Dua-duanya memang bukan pilihan yang enak. Seperti memilih buah simalakama.
Kabar baiknya, ada pilihan ketiga, yakni: meredakan amarah, tanpa anda harus bersusah payah menahannya.

Bagaimana caranya?

Saya mengumpulkan setidaknya: 5 tips atau cara instan untuk meredakan amarah. Tips nomor 1 sampai 3 sungguh sangat sederhana. Mudah dilakukan oleh siapapun, namun tak bisa dilakukan di sembarang tempat. Sedangkan tips nomor 4 dan 5 bisa dipakai siapapun, kapanpun dan dimanapun. Namun cara ke 4 dan 5 ini harus dilatih sebelumnya.

Berikut 5 cara instan meredakan amarah tersebut:

1. Mandi Air Hangat

Cara ini paling sederhana dan siapapun pasti bisa melakukannya. Ketika anda sedang marah di rumah, segeralah ke kamar mandi. Mandilah dengan air hangat. Lebih baik lagi jika terdapat pancuran atau shower.

Berdirilah di bawah guyuran air hangat. Biarkan bulir-bulir air mengucur dari atas ubun-ubun kepala anda. Terus mengalir merambat membasahi permukaan kulit di seluruh tubuh.

Bayangkan: emosi yang sedang memuncak di dalam diri, perlahan-lahan luntur. Terhanyut terbawa air yang terus mengalir dari atas kepala hingga hingga ke telapak kaki.

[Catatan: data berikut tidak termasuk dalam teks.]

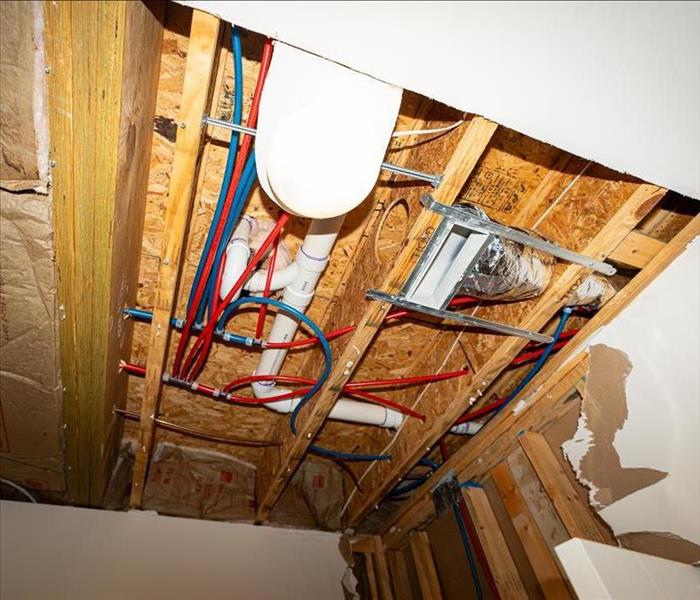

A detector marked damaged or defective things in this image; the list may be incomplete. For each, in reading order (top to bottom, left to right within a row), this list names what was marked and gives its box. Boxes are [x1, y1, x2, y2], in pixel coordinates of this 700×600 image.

Santailah, jangan baru-buru menyelesaikan mandi. Biarkan seluruh tubuh anda puas menikmati sensasi hangat dan menyegarkan dari air hangat yang mengalir itu.

Akhirilah jika anda merasa benar-benar fresh, emosi tak lagi memuncak.

2. Saksikan Matahari Terbenam (Sunset)

Matahari adalah sumber kehidupan di bumi. Bisa dikatakan setiap hari kita menikmati matahari. Namun manusia sering tidak menyadari keajaiban sang surya ini. Keindahan alam tersingkap dari tabir kegelapan kala sang surya mulai menampakkan diri di ufuk timur. Dan di kala sore hari sang surya pergi ke peraduannya.

Tips no. 3 Saksikan Sunset

Tips no. 2 Saksikan Sunset. Image courtesy of pixabay.com

Keindahan langit jingga di timur tersingkap kala matahari terbit. Dan juga kala matahari terbenam. Meskipun peristiwa ini terjadi setiap hari, tak segan-segannya manusia memburu pemandangan sunrise dan sunset. Keindahan ini menyegarkan dan menenangkan fikiran.

Jika anda merasa marah menjelang matahari terbenam, ini adalah pertanda baik. Karena amarah anda tak akan bertahan lama. Segeralah ke laur ke tempat terbuka dan saksikan sang surya kala terbenam. Amarah anda akan ikut tenggelam bersama sang surya.

Kenapa hanya disebut matahari terbenam (sunset) ?
Apakah menyaksikan matahari terbit (sunrise) tak memiliki efek yang sama ?
Sesungguhnya sama saja efek terapinya. Namun bukankah sangat jarang seseorang marah tatkala baru bangun tidur di pagi hari, saat matahari baru saja terbit ?

3. Pandanglah Langit

Jika tiba-tiba muncul amarah, namun tidak pada waktu sore hari, tentu tak bisa menunggu hingga sunset tiba bukan? Sebagai gantinya: pandanglah langit. Tak peduli siang atau malam.

Tapi jangan tatap matahari langsung kala sedang bersinar terik, karena bisa merusak mata. Pandangi saja langit biru. Jika banyak terdapat awan disana: pilihlah salah satu bentuk awan yang paling menarik bagi anda. Pandangi terus, dan ikuti kemana awan tersebut bergerak. Amarah kita biasanya akan segera mereda. Seakan-akan tersedot oleh langit luas di atas sana.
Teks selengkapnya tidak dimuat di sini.